> Requirement
All the lines below need to be transcribed exactly. Pictures get left out.

> Data section
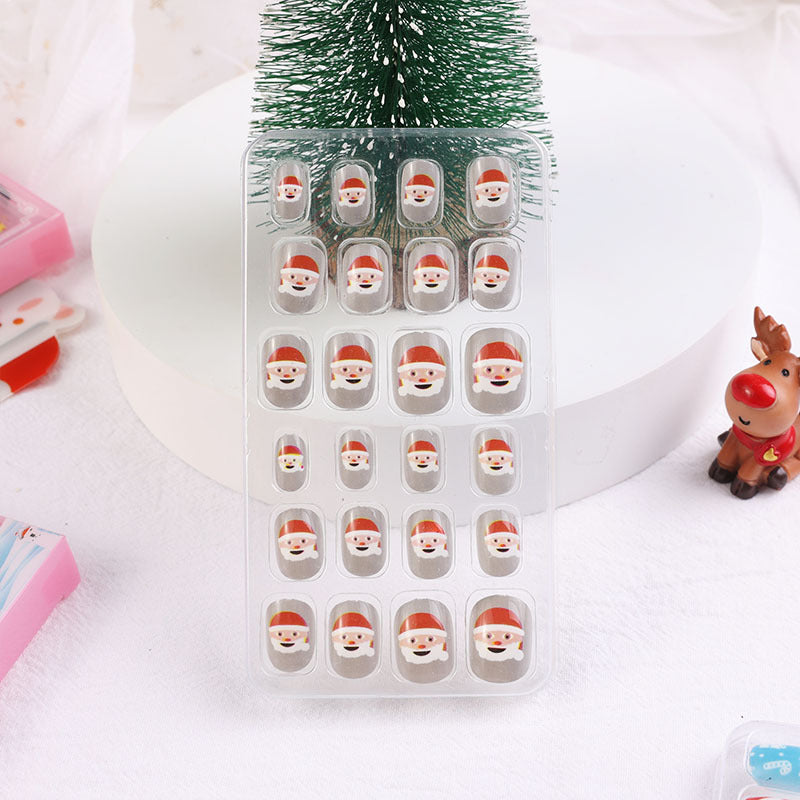 Children's nail stickers baby toddler boys and girls cartoon princess nail stickers jelly glue Christmas wear nails 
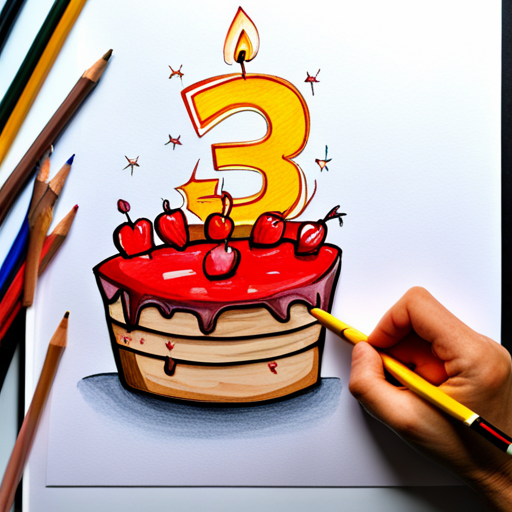 birthday celebration, pencil sketch, templates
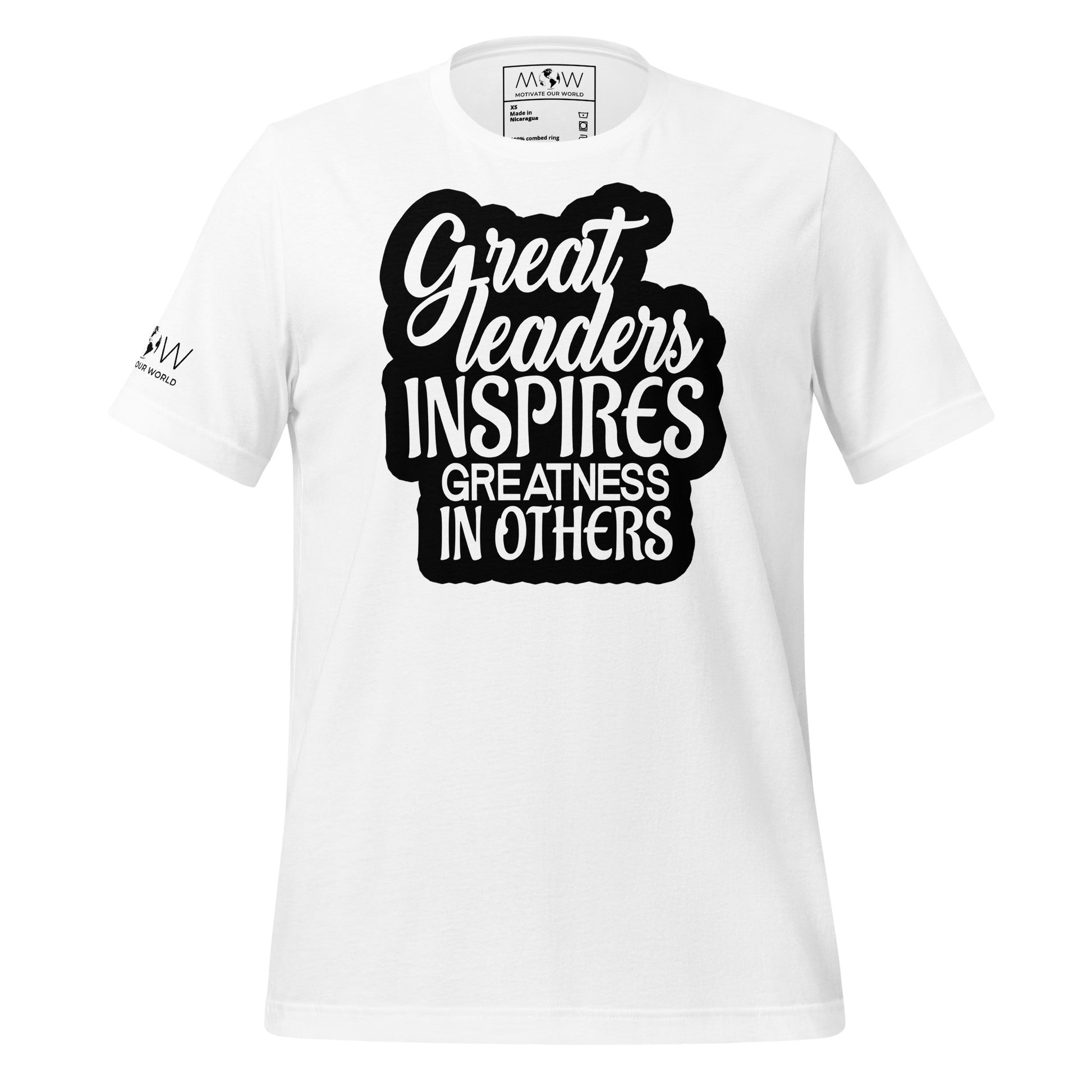 Great Leaders Inspire Greatness In Black Motivational White Motivational Men's T-Shirt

> Written solution
 Children's nail stickers baby toddler boys and girls cartoon princess nail stickers jelly glue Christmas wear nails 
 birthday celebration, pencil sketch, templates
 Great Leaders Inspire Greatness In Black Motivational White Motivational Men's T-Shirt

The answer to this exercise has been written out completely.